= Beginning of Section =

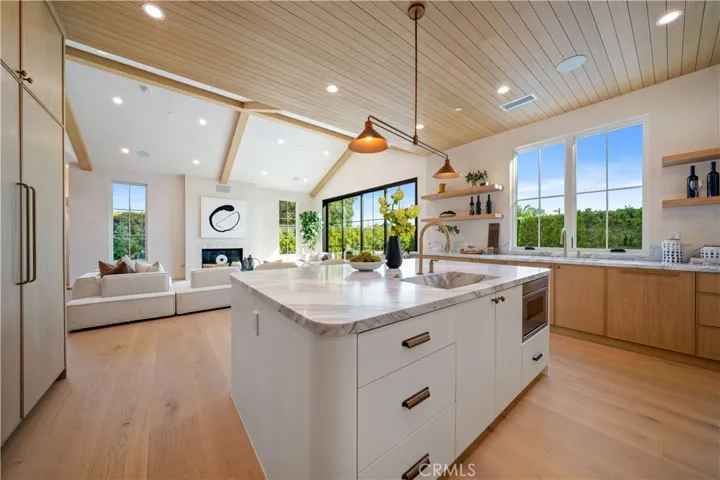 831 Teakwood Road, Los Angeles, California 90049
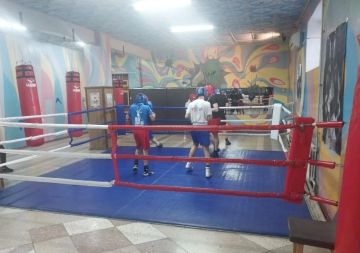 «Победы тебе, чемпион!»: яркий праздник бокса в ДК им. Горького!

= End of Section =
= Beginning of Section =

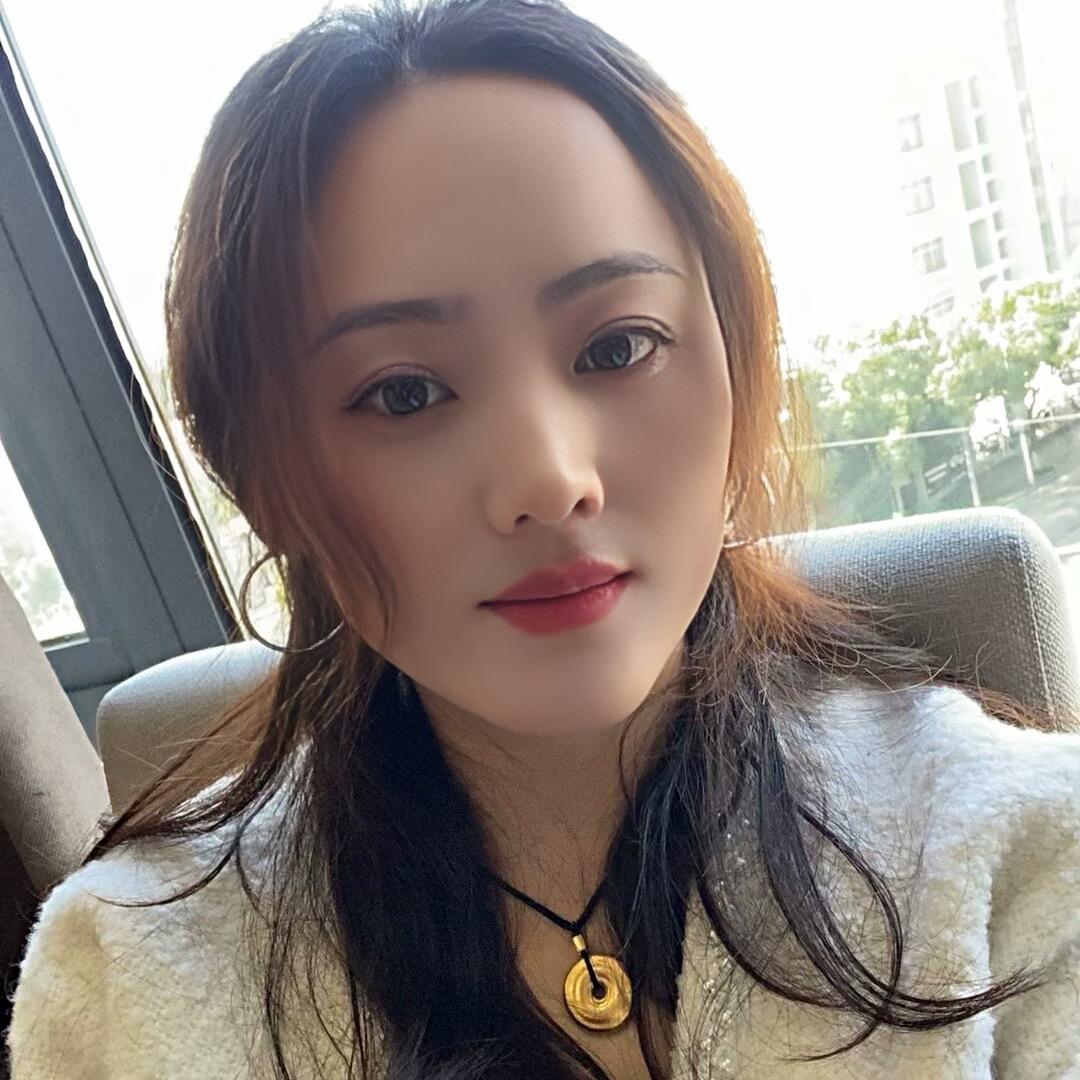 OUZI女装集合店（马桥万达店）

= End of Section =

Work request: Return exactly the lines of the material above, starting at the line containing "831 Teakwood Road, Los" and finishing at the line containing "ДК им. Горького!", without any pictures.

Expected output:
 831 Teakwood Road, Los Angeles, California 90049
 «Победы тебе, чемпион!»: яркий праздник бокса в ДК им. Горького!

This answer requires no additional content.